🤖 AI Summary
Existing vision-language-action (VLA) models for autonomous driving struggle with imprecise numerical reasoning, weak 3D spatial perception, and insufficient context sensitivity, hindering their suitability for safety-critical applications. To address these limitations, this work proposes a hierarchical spatiotemporal VLA model that enhances 3D spatiotemporal reasoning through geometry-aware fusion, fine-grained instruction conditioning, and state-history prompting. A dynamic token sparsification mechanism is introduced to maintain computational efficiency without sacrificing performance. The architecture features a hierarchical Transformer-based trajectory planner integrated with dynamic latent regularization, ensuring strict spatial anchoring of language instructions and temporal consistency in action generation.
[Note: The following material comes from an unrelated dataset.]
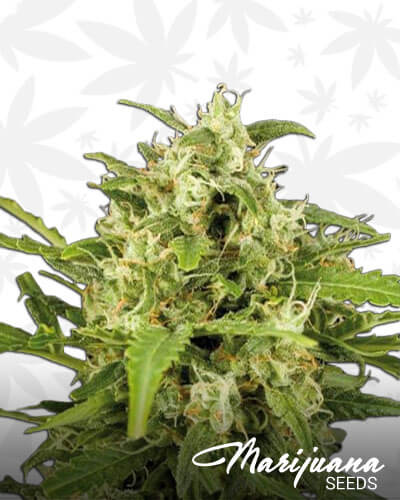 Critical Mass Automatic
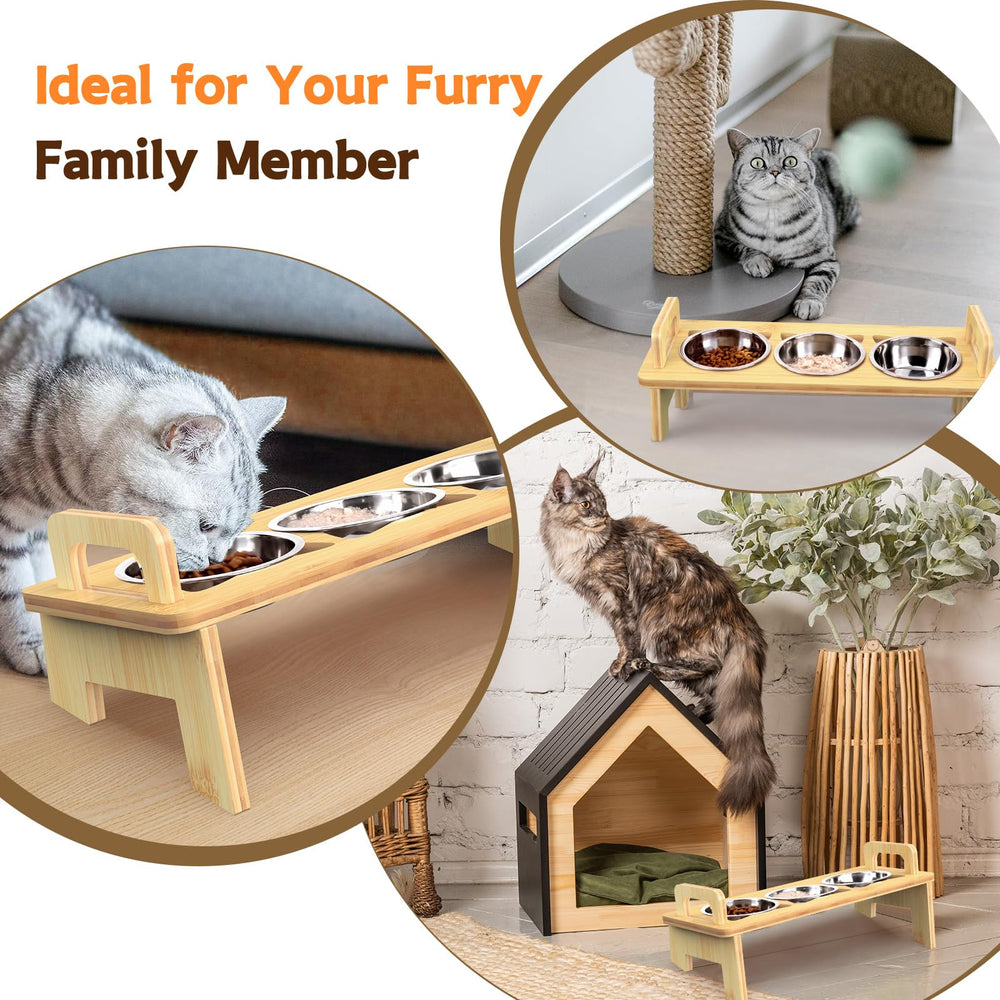 Ideal for small indoor cats during breakfast, lunch, and dinner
Evaluated on the NAVSIM v2 benchmark, the proposed method achieves state-of-the-art results, reporting 88.6 Navtest EPDMS and 50.9 pseudo-closed-loop Navhard EPDMS scores.
📝 Abstract
Vision-Language-Action (VLA) models offer promising capabilities for autonomous driving through multimodal understanding. However, their utilization in safety-critical scenarios is constrained by inherent limitations, including imprecise numerical reasoning, weak 3D spatial awareness, and high sensitivity to context. To address these challenges, we propose HiST-VLA, a novel Hierarchical Spatio-Temporal VLA model designed for reliable trajectory generation. Our framework enhances 3D spatial and temporal reasoning by integrating geometric awareness with fine-grained driving commands and state history prompting. To ensure computational efficiency, we integrate dynamic token sparsification into the VLA architecture. This approach fuses redundant tokens rather than filtering them, effectively reducing redundancy without sacrificing model performance. Furthermore, we employ a hierarchical transformer-based planner to progressively refine coarse VLA waypoints into fine-grained trajectories. Crucially, the planner utilizes dynamic latent regularization to incorporate language commands, ensuring strict spatial grounding and temporal coherence. Extensive evaluation on the NAVSIM v2 benchmark demonstrates state-of-the-art performance on Navtest, achieving an EPDMS of 88.6, and EPDMS of 50.9 on pseudo closed-loop Navhard benchmark.